Exclude every picture and return the remaining entries below verbatim.

DATA PROVIDED>

= = = = =

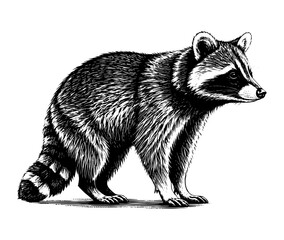Fototapeta premium Raccoon Woodcut vintage Monochrome black and white drawing animal Illustration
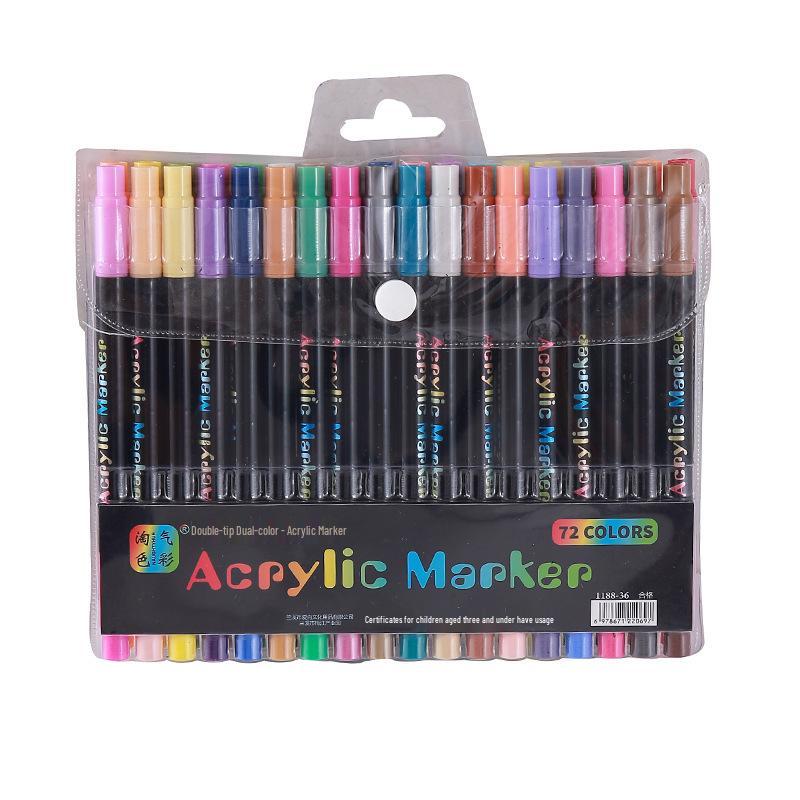 Dual-Color Acrylic Marker Pens - Soft-Tip Watercolor Brushes for Students - Ideal for Doodling, Drawing, and Smudge-Free Coloring.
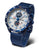 Montre homme avec bracelet en maille bleue et cadran blanc, affichage analogique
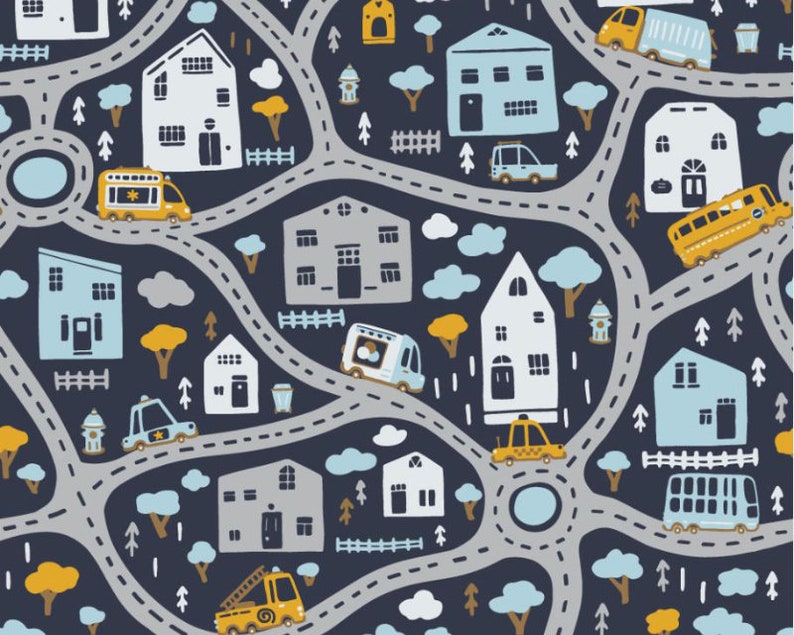 Road Map Cotton Jersey YardMeter Cotton Jersey Cotton knit fabric T shirt fabric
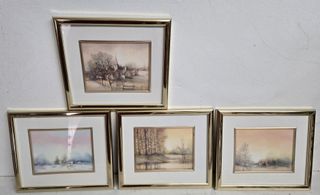 Set di 4 quadri paesaggistici con cornice dorata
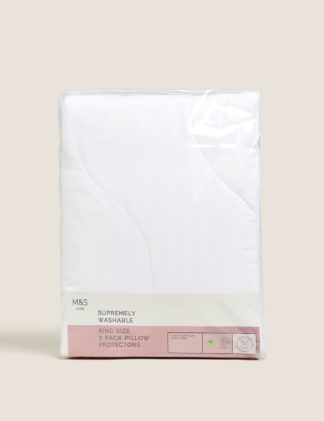 An Image of M&S 2 Pack Supremely Washable King Size Pillow Protectors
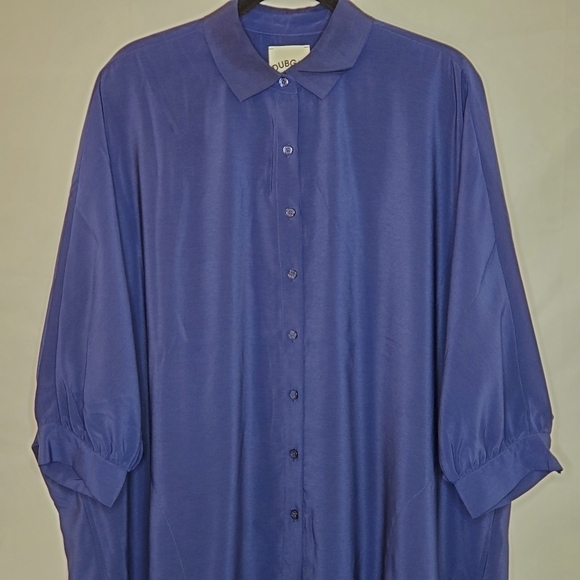 DUBGEE by Whoopi Oversized Tunic Size Med Relaxed Lagenlook Hi-low Dress - Picture 7 of 12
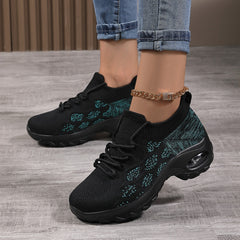 Women's Knit Socks Sneakers Lace Up Arch Support Running Shoes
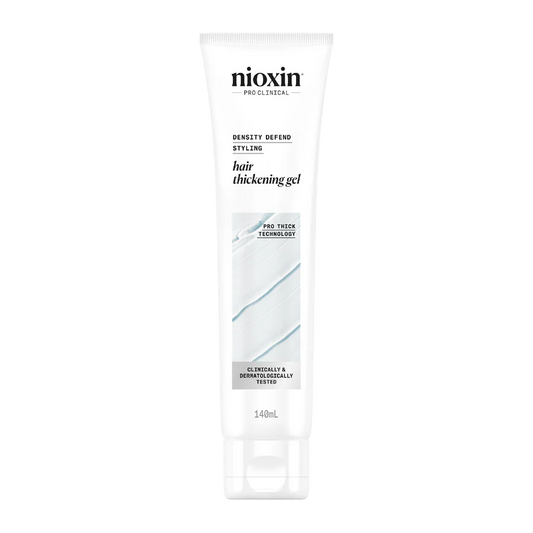 Nioxin hair thickening gel tube, 140 mL, white squeeze tube with blue stripe
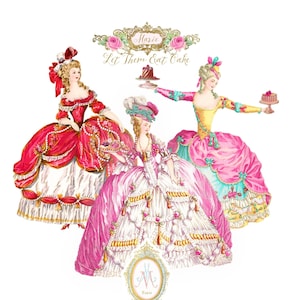 Marie Antoinette paper doll printable, digital download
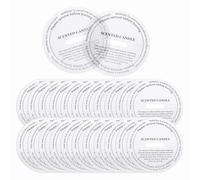 sourcing map 60 Pcs Candle Dust Covers, 5.5cm/2.2" Round Printed Translucent Candles Drip Protectors Lid Accessories Letter Pattern for Craft Fragrance Making Jars Boxes Packaging
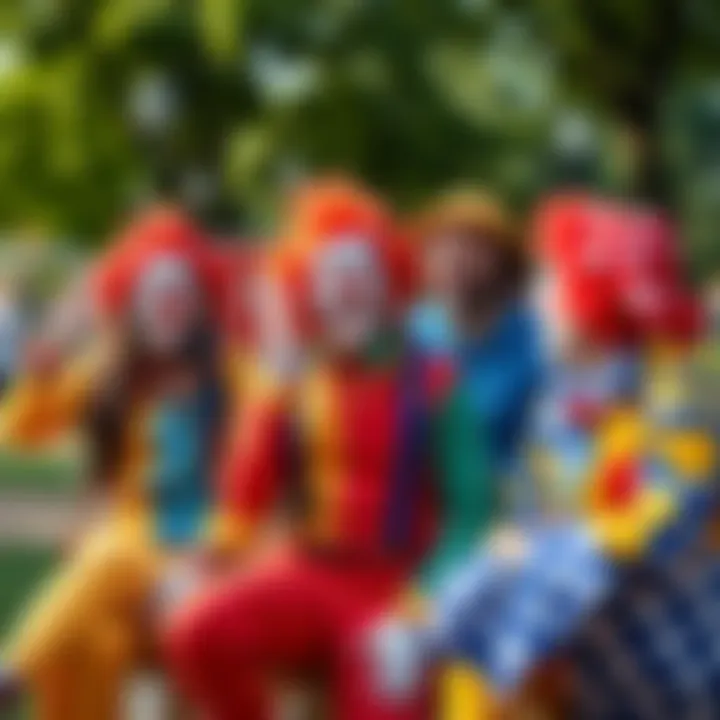 A group of 30-year-olds dressed as clowns, smiling and engaging in playful activities at a park, spreading laughter and joy.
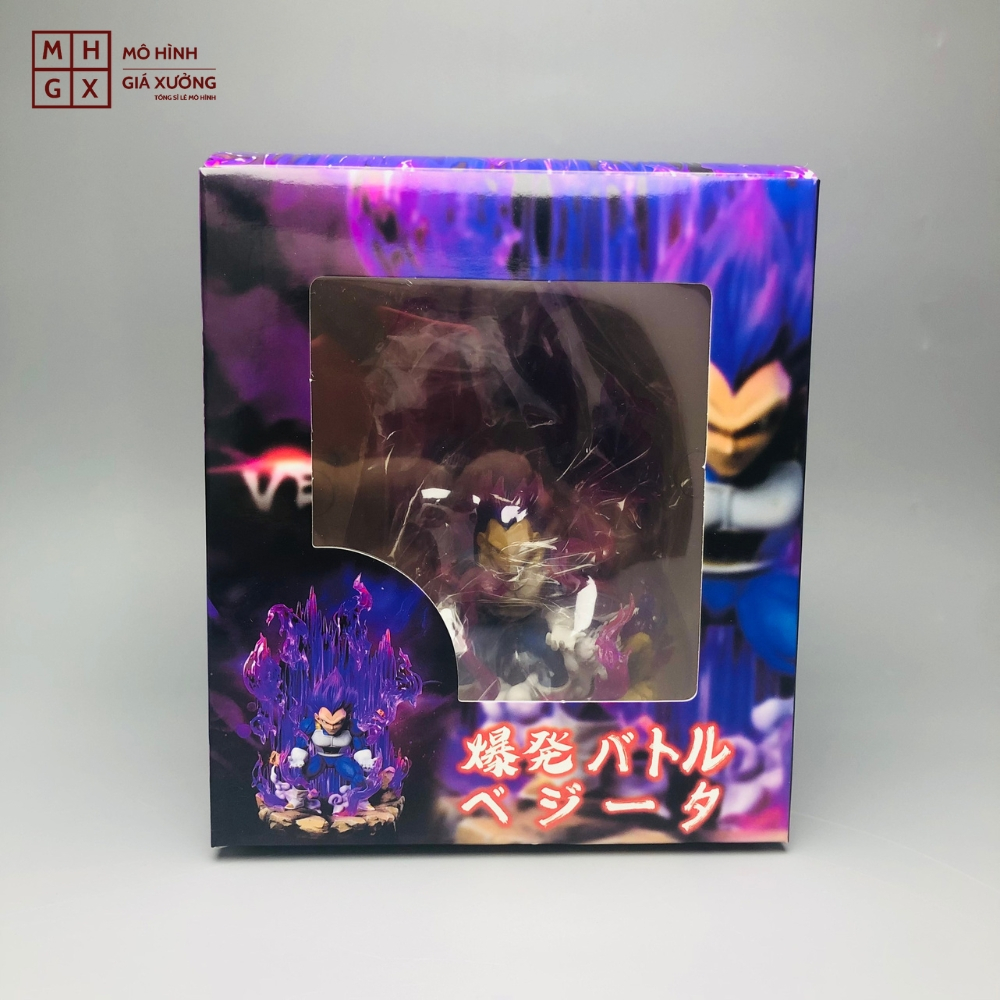 Mô hình DragonBall Vegeta Chibi gồng mình hiệu ứng base đẹp - Cao 14cm - rộng 9cm - nặng 230gram - Dragon Ball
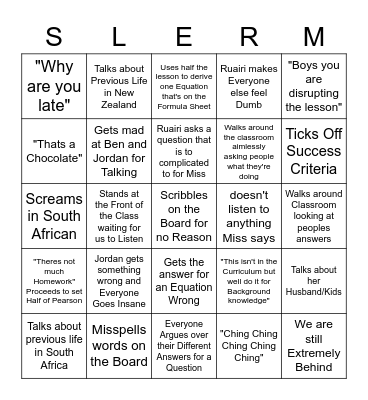 Lerm Bingoooo Bingo Card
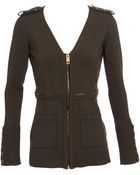 Burberry Prorsum Cardigan with Zip Waist Detail - Lyst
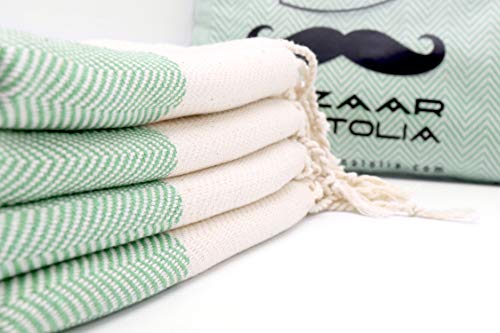 Turkish Hand Towel Set Of 4 Herringbone Peshtemal Towel 100% Cotton 45X20 Light Weight Thin Quick Dry Hand Bath Hair Tea Kitchen Dishcloth Set Green Hand Towels Decorative Bathroom Towel (Green) #TOP5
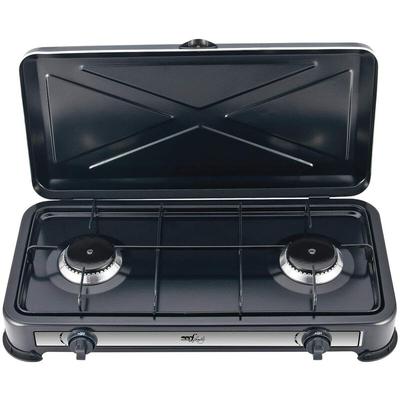 Fornello a gas gpl 2 fuochi con coperchio 2.2KW colore nero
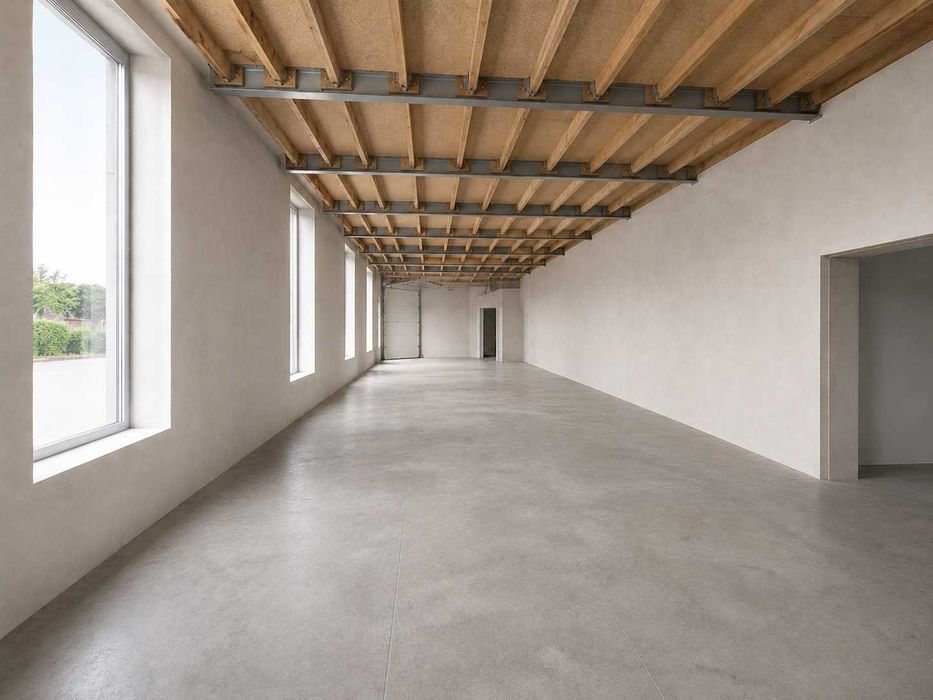 Hala 110m2 po remoncie, wylewka, drzwi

= = = = =

RESULT BELOW>
Fototapeta premium Raccoon Woodcut vintage Monochrome black and white drawing animal Illustration
 Dual-Color Acrylic Marker Pens - Soft-Tip Watercolor Brushes for Students - Ideal for Doodling, Drawing, and Smudge-Free Coloring.
 Montre homme avec bracelet en maille bleue et cadran blanc, affichage analogique
 Road Map Cotton Jersey YardMeter Cotton Jersey Cotton knit fabric T shirt fabric
 Set di 4 quadri paesaggistici con cornice dorata
 An Image of M&S 2 Pack Supremely Washable King Size Pillow Protectors
 DUBGEE by Whoopi Oversized Tunic Size Med Relaxed Lagenlook Hi-low Dress - Picture 7 of 12
 Women's Knit Socks Sneakers Lace Up Arch Support Running Shoes
 Nioxin hair thickening gel tube, 140 mL, white squeeze tube with blue stripe
 Marie Antoinette paper doll printable, digital download
 sourcing map 60 Pcs Candle Dust Covers, 5.5cm/2.2" Round Printed Translucent Candles Drip Protectors Lid Accessories Letter Pattern for Craft Fragrance Making Jars Boxes Packaging
 A group of 30-year-olds dressed as clowns, smiling and engaging in playful activities at a park, spreading laughter and joy.
 Mô hình DragonBall Vegeta Chibi gồng mình hiệu ứng base đẹp - Cao 14cm - rộng 9cm - nặng 230gram - Dragon Ball
 Lerm Bingoooo Bingo Card
 Burberry Prorsum Cardigan with Zip Waist Detail - Lyst
 Turkish Hand Towel Set Of 4 Herringbone Peshtemal Towel 100% Cotton 45X20 Light Weight Thin Quick Dry Hand Bath Hair Tea Kitchen Dishcloth Set Green Hand Towels Decorative Bathroom Towel (Green) #TOP5
 Fornello a gas gpl 2 fuochi con coperchio 2.2KW colore nero
 Hala 110m2 po remoncie, wylewka, drzwi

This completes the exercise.